From the November 2022 issue of Apollo. Preview and subscribe here.

Lace induced dangerous cravings among Renaissance-era consumers. Across Europe and into its colonial outposts, rulers tried to ban ever-frothier white filigree at the necklines, cuffs and hems of commoners. But threats of government fines, confiscation and scandal did little to deter fashionable men and women, as peddlers roamed the streets singing temptingly about lace ‘of the latest style’. Thanks to dozens of scholars who have collaborated on the Bard Graduate Center’s show, ‘Threads of Power: Lace from the Textilmuseum St. Gallen’, we even know how lace caused trouble in Florence in March 1638, when local authorities seized a particularly dandyish collar from a butcher named Nicolò.

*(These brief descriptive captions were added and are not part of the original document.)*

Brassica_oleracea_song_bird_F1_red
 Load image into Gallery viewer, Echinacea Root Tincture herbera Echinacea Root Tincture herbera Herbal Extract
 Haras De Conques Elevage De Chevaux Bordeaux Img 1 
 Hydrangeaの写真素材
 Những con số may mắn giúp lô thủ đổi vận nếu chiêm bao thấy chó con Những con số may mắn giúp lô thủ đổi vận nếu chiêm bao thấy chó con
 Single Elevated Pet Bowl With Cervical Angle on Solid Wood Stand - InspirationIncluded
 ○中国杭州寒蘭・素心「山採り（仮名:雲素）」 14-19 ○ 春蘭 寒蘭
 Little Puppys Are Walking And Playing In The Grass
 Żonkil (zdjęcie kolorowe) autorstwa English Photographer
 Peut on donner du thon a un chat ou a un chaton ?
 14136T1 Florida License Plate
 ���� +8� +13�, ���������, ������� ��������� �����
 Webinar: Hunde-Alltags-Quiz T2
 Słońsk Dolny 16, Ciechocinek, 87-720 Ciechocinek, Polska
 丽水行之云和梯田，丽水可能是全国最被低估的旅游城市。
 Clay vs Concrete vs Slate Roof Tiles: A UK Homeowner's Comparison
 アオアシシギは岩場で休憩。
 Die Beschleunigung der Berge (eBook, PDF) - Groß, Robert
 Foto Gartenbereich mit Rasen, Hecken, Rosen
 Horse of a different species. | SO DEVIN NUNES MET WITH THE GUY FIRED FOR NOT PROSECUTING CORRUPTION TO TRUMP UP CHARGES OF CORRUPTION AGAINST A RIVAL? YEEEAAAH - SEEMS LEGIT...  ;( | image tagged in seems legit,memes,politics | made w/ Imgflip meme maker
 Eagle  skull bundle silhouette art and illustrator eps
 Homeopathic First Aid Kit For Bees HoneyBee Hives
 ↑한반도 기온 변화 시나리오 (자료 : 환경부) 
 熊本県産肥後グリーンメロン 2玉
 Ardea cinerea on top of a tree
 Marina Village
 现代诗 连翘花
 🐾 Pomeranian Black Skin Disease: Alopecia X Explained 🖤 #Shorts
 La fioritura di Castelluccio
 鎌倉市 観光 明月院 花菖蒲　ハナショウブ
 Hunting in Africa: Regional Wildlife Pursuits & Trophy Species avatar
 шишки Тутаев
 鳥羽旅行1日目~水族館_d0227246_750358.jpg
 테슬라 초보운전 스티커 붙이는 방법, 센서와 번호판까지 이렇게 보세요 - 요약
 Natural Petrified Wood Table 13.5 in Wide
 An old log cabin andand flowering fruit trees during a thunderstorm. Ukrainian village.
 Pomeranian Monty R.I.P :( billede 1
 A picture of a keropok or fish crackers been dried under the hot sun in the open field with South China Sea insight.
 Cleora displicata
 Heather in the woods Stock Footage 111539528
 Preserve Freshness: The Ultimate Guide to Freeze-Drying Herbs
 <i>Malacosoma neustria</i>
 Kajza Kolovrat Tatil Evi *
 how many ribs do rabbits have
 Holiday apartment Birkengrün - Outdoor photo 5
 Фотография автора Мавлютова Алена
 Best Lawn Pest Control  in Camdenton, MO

The Bard Center display is the first major survey of the subject at a US institution since the 1980s. It dazzlingly conveys not only how wearers of lace climbed social ladders, but also how they financed the careers of the women who stitched it with bleary eyes. The seed for the current show was ‘Lace and Status: The Collection of Historical Lace in the Textilmuseum St. Gallen’, held at the Swiss institution in 2018–19. It focused on pre-1800 material and the Bard Center’s team, led by Emma Cormack, Michele Majer and Ilona Kos, have expanded the checklist with loans from private and institutional collections. Four floors of galleries explore traditions across continents, spanning the 16th to the 21st centuries.

The chronological arrangement examines lace incorporated into garments and furnishings for Habsburgs, mixed-race families in 18th-century Peru, French women at car races in the 1930s and Michelle Obama; the Bard Center has borrowed her golden wool filigree ensemble, designed by Isabel Toledo for the inauguration in 2009. Videos show disembodied hands demonstrating historic techniques with pins, needles and bobbins, and modern machinery emulating handwork. The contrast could not be greater between the clunky-looking tools and the ethereal results.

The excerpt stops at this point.